= Hurst Hairy Olds =

Pair of exhibition funny cars

Hurst Hairy Olds is the name given to a pair of exhibition funny cars campaigned by Hurst Performance in 1966 and 1967.

Developed with help from General Motors engineer John Beltz, the Hurst Hairy Olds was built to be a showcase for the then-new chain-driven automatic transaxle of the 1966 Oldsmobile Toronado as well as a rival to the Hurst Hemi Under Glass. There were doubts in the automotive press as to the strength of such a system; the Hairy Olds was designed to dispel these doubts.
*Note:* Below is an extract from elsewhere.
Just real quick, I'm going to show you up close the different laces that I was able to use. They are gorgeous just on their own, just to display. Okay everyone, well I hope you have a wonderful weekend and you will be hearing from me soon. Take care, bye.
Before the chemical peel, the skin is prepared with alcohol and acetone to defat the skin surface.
The car debuted at a meet in Bakersfield, California on March 4, 1966. Driven by Joe Schubeck, the Hurst Hairy Olds began as a fully trimmed and later upholstered Oldsmobile 442 in body in white (BIW) form. Hurst installed not one but two 425 in³ (7 L) Oldsmobile engines and Toronado transaxles both front and rear; a pair of drag parachutes were mounted in the stock taillight positions and four-wheel disc brakes were fitted as well. Two engines meant two of virtually everything in the cockpit related to the operation of the car, including two cable-operated shifters, two tachometers, two sets of oil pressure and temperature gauges and even two accelerator pedals. Additional power was provided via a Cragar Equipment-modified 6-71 GMC supercharger atop each engine, each burning a blend of nitromethane and alcohol. Weight was reduced through the use of aluminum body components and Plexiglas windows. The result was a 2400-horsepower, four-wheel-drive exhibition drag racer which smoked its front and rear tires down the length of the race track with times in the eleven-second range.
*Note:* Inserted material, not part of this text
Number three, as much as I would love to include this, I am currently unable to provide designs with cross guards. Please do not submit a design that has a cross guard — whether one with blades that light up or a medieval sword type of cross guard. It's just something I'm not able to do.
Although the drive chains held up admirably, the car was not without its problems. The tremendous amount of power at the front wheels caused massive torque steer, resulting in difficulty in keeping the car in a straight line. The rear engine contributed to unloading of the front wheels, which in turn caused the front engine to overspeed. Visibility was poor as well due to tire smoke from both ends of the car. This coupled with engine oil spray out of the valve cover breathers because of the pressure of the superchargers.

A second Hurst Hairy Olds was built in 1967, but was wrecked during an exhibition race in Niagara, New York.

The 1967 car was the subject of one of the most popular model kits of the 1960s, a 1/24 version produced by Monogram.

----

The 1966 car presently resides at the R.E. Olds Transportation Museum in Lansing, Michigan; the wrecked 1967 car was shipped back to Hurst Performance and dismantled.